Текст книги "Поляк. Роман первый"
Автор книги: Дмитрий Ружников
Жанр: Современная русская литература, Современная проза
Возрастные ограничения: +16
сообщить о неприемлемом содержимом
Текущая страница: 13 (всего у книги 34 страниц)
XXXIII
По всей огромной Российской империи, от края и до края, кроме западных территорий, где уже хозяйничали немцы, неслись здравицы в честь генерала Алексея Брусилова, – его прорыв австрийского фронта под Луцком, стали называть Брусиловским прорывом. В результате этой величайшей битвы Австро-Венгрия потеряла миллион солдат и, агонизируя, уже готова была выйти из войны; испугавшаяся этого Германия обратилась к странам Антанты с предложением начать переговоры о мире. Англичане и французы, вдруг став в позу гордых римлян, с презрением отвергли это предложение, даже не спросив у русских: может, они и не возражают начать такие переговоры, потому что понимали – именно Россия, потеряв сотни тысяч солдат в битве под Луцком, единственная имела полное право начать такие переговоры с Германией и Австрией уже как победительница в этой войне.
В русской Ставке шел странный разговор.
– Ваше величество, – говорил начальник Генерального штаба Михаил Алексеев, – почему позволяется так искажать роль Ставки и вашу роль в битве под Луцком? Вы посмотрите – битву называют «Брусиловский прорыв»! Везде! Неслыханно! И ни одного слова о роли вашего величества, как Верховного главнокомандующего и роли Генерального штаба в этой победе. Это недопустимо!
– Что вы предлагаете, Михаил Васильевич? – в голосе государя слышались нескрываемые обида и раздражение. Император непрерывно курил – он это делал всегда, когда сильно из-за чего-нибудь переживал. «Хвост накрутила» ему два дня назад государыня. Но она говорила совсем другое:
– Ники, я вижу, что про тебя незаслуженно забыли в этой битве, но прошу, не обижайся. Ты царь, и этим все сказано. Брусилов молодец, и не более. Начинают и заканчивают войну императоры! Плохо другое, что французы и англичане за твоей спиной хотят вести переговоры с немцами о мире. Англичане не потеряли ни вершка своей земли, а с французской немцы выйдут и всей мощью ударят по нашей России. Потом, правда, раздавят и Францию.
– Алиса, скажу тебе по секрету: вчера немцы обратились к нам с предложением о переговорах.
– Тоже мне секрет! Что ты им ответил?
– Я отказал, указав, что такие вопросы страны Антанты решают совместно.
– По-моему, ты сглупил!
– Алиса, прекрати! Эта война должна закончиться победой русского оружия, и начало этой победы – битва под Луцком и выход из войны Австро-Венгрии. Брусилов сделал то, чего не было все годы войны – он победил.
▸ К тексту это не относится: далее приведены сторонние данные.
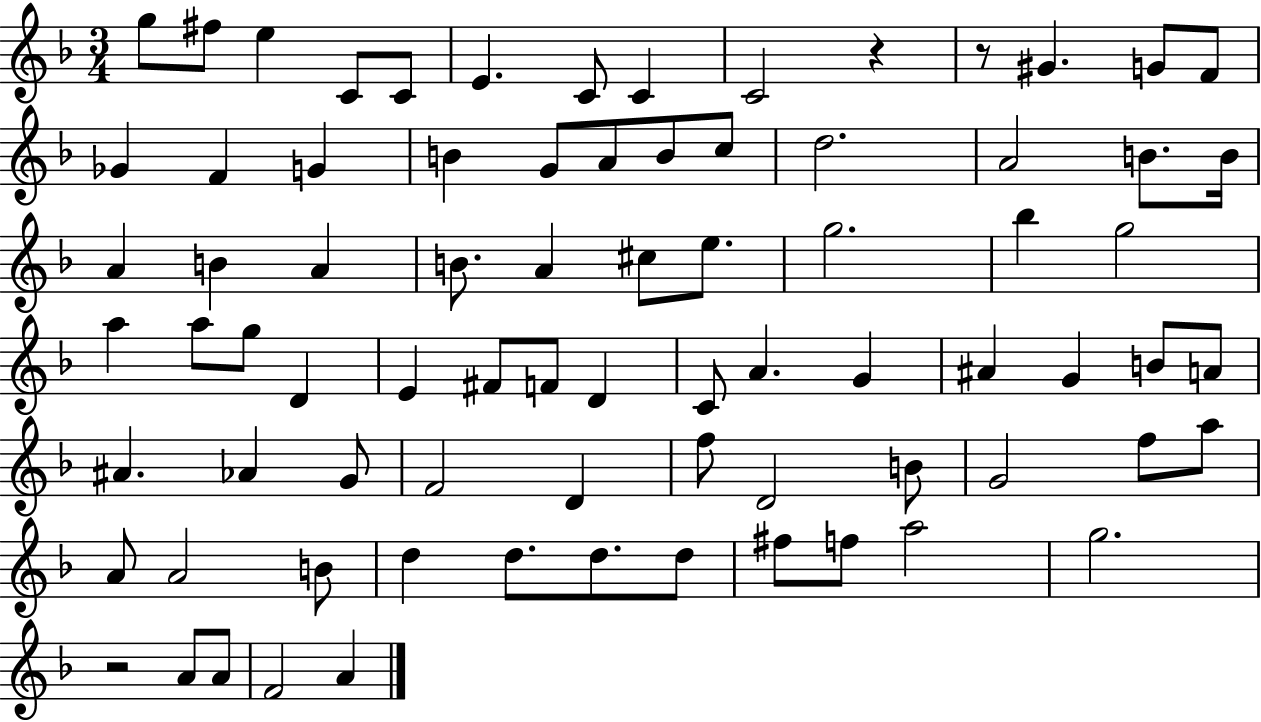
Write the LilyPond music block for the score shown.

{
  \clef treble
  \numericTimeSignature
  \time 3/4
  \key f \major
  g''8 fis''8 e''4 c'8 c'8 | e'4. c'8 c'4 | c'2 r4 | r8 gis'4. g'8 f'8 | \break ges'4 f'4 g'4 | b'4 g'8 a'8 b'8 c''8 | d''2. | a'2 b'8. b'16 | \break a'4 b'4 a'4 | b'8. a'4 cis''8 e''8. | g''2. | bes''4 g''2 | \break a''4 a''8 g''8 d'4 | e'4 fis'8 f'8 d'4 | c'8 a'4. g'4 | ais'4 g'4 b'8 a'8 | \break ais'4. aes'4 g'8 | f'2 d'4 | f''8 d'2 b'8 | g'2 f''8 a''8 | \break a'8 a'2 b'8 | d''4 d''8. d''8. d''8 | fis''8 f''8 a''2 | g''2. | \break r2 a'8 a'8 | f'2 a'4 | \bar "|."
}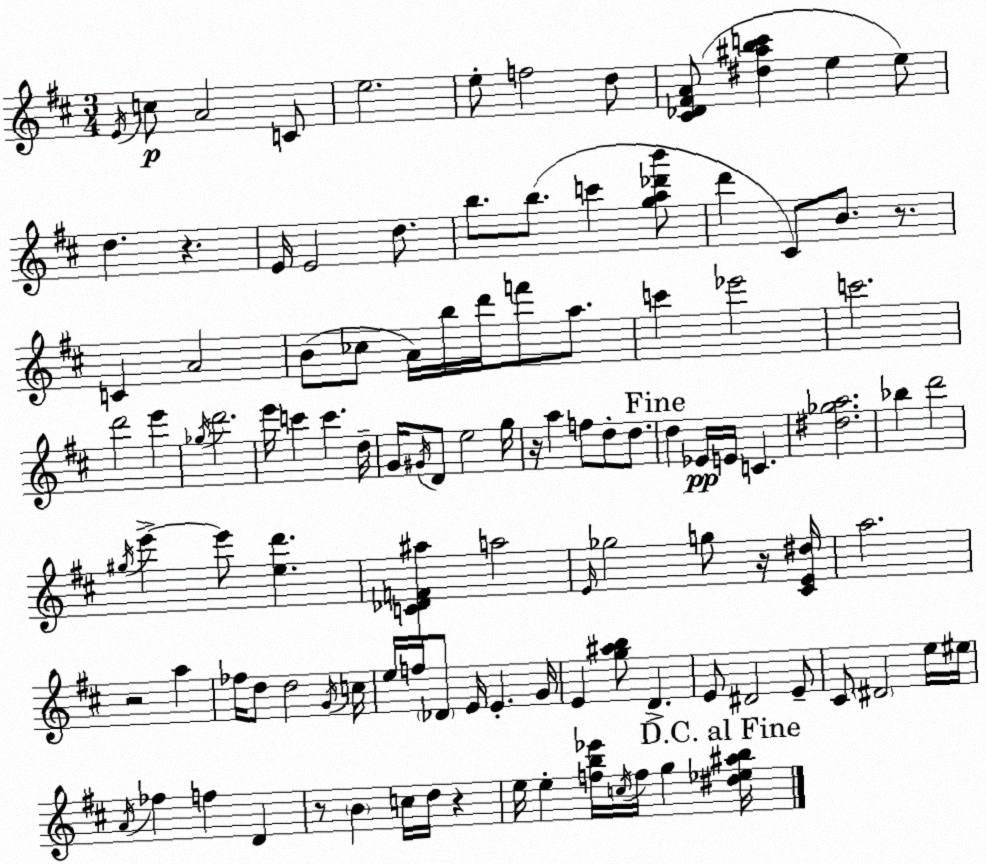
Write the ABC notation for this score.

X:1
T:Untitled
M:3/4
L:1/4
K:D
E/4 c/2 A2 C/2 e2 e/2 f2 d/2 [^C_D^FA]/2 [^d^abc'] e e/2 d z E/4 E2 d/2 b/2 b/2 c' [ga_d'b']/2 d' ^C/2 B/2 z/2 C A2 B/2 _c/2 A/4 b/4 d'/4 f'/2 a/2 c' _e'2 c'2 d'2 e' _g/4 d'2 e'/4 c' c' d/4 G/4 ^G/4 D/2 e2 g/4 z/4 a f/2 d/2 d/2 d _E/4 E/4 C [^d_ga]2 _b d'2 ^g/4 e' e'/2 [ed'] [C_DF^a] a2 E/4 _g2 g/2 z/4 [^CE^d]/4 a2 z2 a _f/4 d/2 d2 G/4 c/4 e/4 f/4 _D/2 E/4 E G/4 E [g^ab]/2 D E/2 ^D2 E/2 ^C/2 ^D2 e/4 ^e/4 A/4 _f f D z/2 B c/4 d/4 z e/4 e [fb_e']/4 c/4 f/4 g [^d_e^ab]/4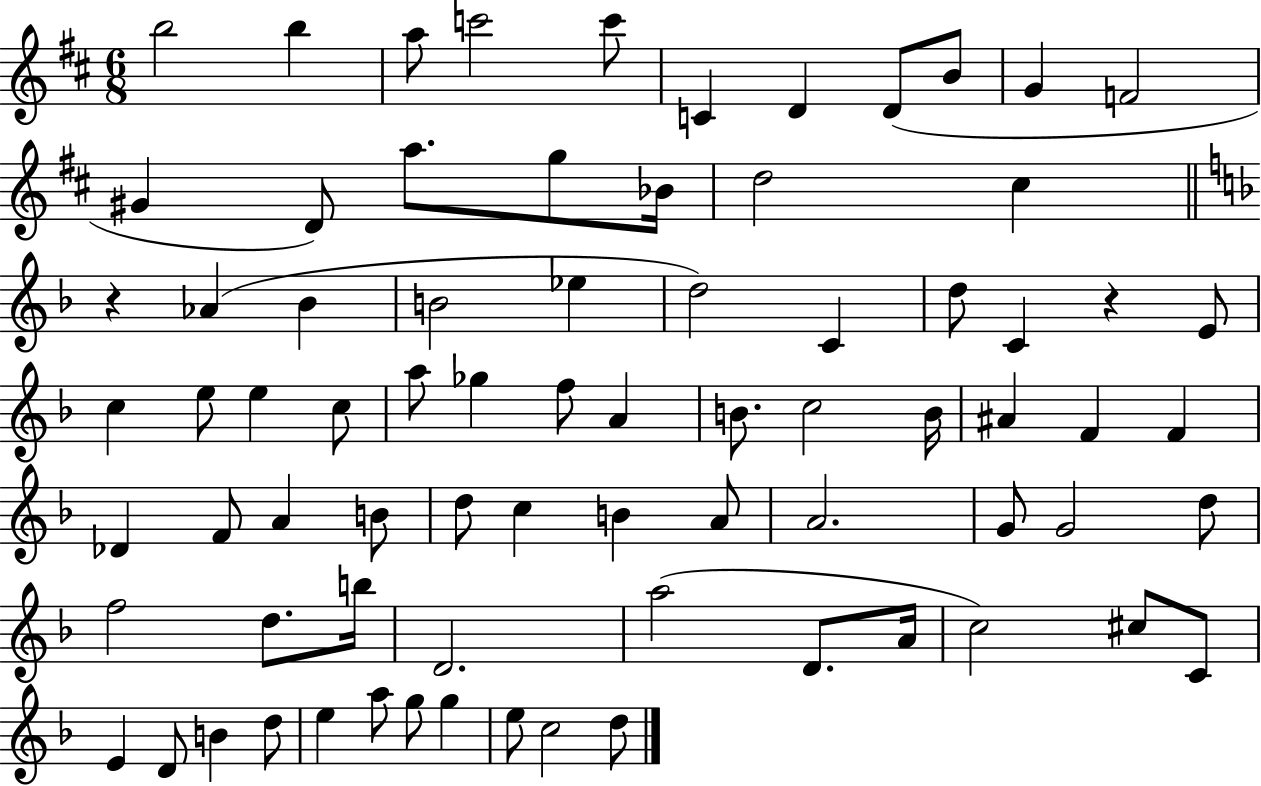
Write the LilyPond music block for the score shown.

{
  \clef treble
  \numericTimeSignature
  \time 6/8
  \key d \major
  b''2 b''4 | a''8 c'''2 c'''8 | c'4 d'4 d'8( b'8 | g'4 f'2 | \break gis'4 d'8) a''8. g''8 bes'16 | d''2 cis''4 | \bar "||" \break \key d \minor r4 aes'4( bes'4 | b'2 ees''4 | d''2) c'4 | d''8 c'4 r4 e'8 | \break c''4 e''8 e''4 c''8 | a''8 ges''4 f''8 a'4 | b'8. c''2 b'16 | ais'4 f'4 f'4 | \break des'4 f'8 a'4 b'8 | d''8 c''4 b'4 a'8 | a'2. | g'8 g'2 d''8 | \break f''2 d''8. b''16 | d'2. | a''2( d'8. a'16 | c''2) cis''8 c'8 | \break e'4 d'8 b'4 d''8 | e''4 a''8 g''8 g''4 | e''8 c''2 d''8 | \bar "|."
}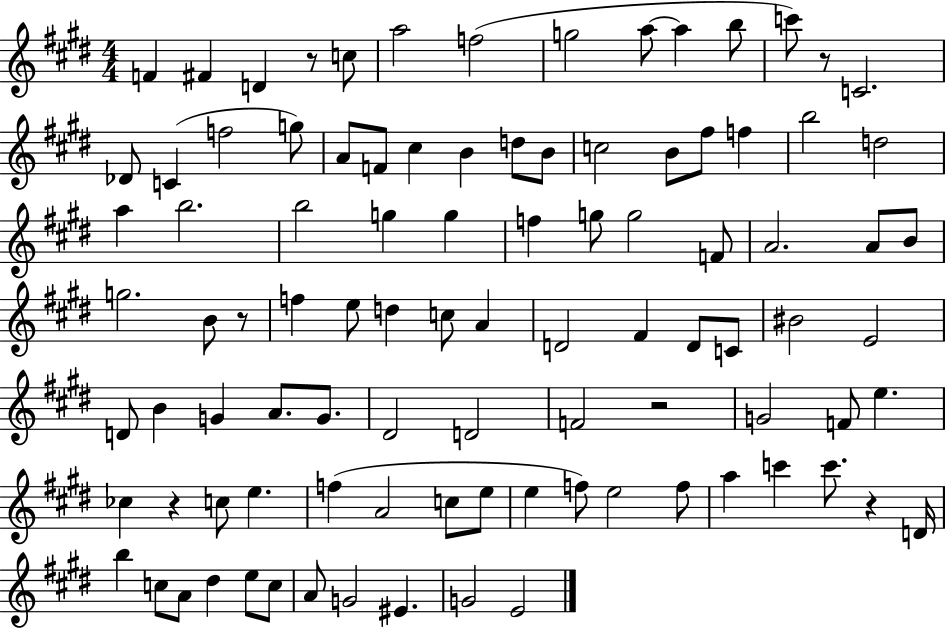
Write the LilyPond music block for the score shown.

{
  \clef treble
  \numericTimeSignature
  \time 4/4
  \key e \major
  f'4 fis'4 d'4 r8 c''8 | a''2 f''2( | g''2 a''8~~ a''4 b''8 | c'''8) r8 c'2. | \break des'8 c'4( f''2 g''8) | a'8 f'8 cis''4 b'4 d''8 b'8 | c''2 b'8 fis''8 f''4 | b''2 d''2 | \break a''4 b''2. | b''2 g''4 g''4 | f''4 g''8 g''2 f'8 | a'2. a'8 b'8 | \break g''2. b'8 r8 | f''4 e''8 d''4 c''8 a'4 | d'2 fis'4 d'8 c'8 | bis'2 e'2 | \break d'8 b'4 g'4 a'8. g'8. | dis'2 d'2 | f'2 r2 | g'2 f'8 e''4. | \break ces''4 r4 c''8 e''4. | f''4( a'2 c''8 e''8 | e''4 f''8) e''2 f''8 | a''4 c'''4 c'''8. r4 d'16 | \break b''4 c''8 a'8 dis''4 e''8 c''8 | a'8 g'2 eis'4. | g'2 e'2 | \bar "|."
}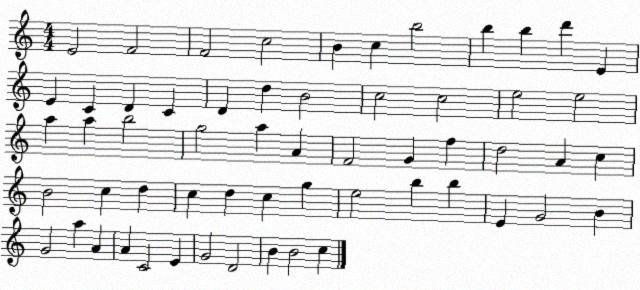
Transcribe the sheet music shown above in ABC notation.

X:1
T:Untitled
M:4/4
L:1/4
K:C
E2 F2 F2 c2 B c b2 b b d' E E C D C D d B2 c2 c2 e2 e2 a a b2 g2 a A F2 G f d2 A c B2 c d c d c g e2 b b E G2 B G2 a A A C2 E G2 D2 B B2 c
– Ты хотел сказать: «Я победил!»
– Да, я победил!
– Так и считай, что ты победил. История все расставит на свои места.
– Я знаю, но это в будущем, а я хочу, чтобы все сейчас считали, что именно я выиграл эту битву, и мне нужна еще одна, только одна, но громкая победа, и на этот раз над немцами. И в этом Алексеев прав.
– Я всегда была против того, чтобы ты возглавил армию. Я боюсь всего, что происходит вокруг тебя, и боюсь твоих генералов и твоего Алексеева – если станет плохо, они тебя предадут.
– Вот в этом-то, ты, Алиса, абсолютно неправа. Эти генералы никогда меня не предадут! Ложись спать – мне утром на фронт. Я схожу к Алексею. Ему опять плохо?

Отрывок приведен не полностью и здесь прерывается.